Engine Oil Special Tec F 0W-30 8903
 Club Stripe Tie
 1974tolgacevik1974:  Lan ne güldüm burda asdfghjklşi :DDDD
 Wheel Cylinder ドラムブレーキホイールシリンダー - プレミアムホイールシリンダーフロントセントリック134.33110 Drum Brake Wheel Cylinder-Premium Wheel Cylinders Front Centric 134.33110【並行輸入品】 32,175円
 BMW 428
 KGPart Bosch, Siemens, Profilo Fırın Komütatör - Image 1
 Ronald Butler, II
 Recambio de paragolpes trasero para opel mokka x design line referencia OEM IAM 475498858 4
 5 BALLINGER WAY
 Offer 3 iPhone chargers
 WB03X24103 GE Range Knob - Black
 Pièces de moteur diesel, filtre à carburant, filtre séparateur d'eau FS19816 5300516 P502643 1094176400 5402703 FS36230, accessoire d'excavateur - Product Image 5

____________

Check every line of the data for the string "Image". Give the number of lines that have it, and only that.

2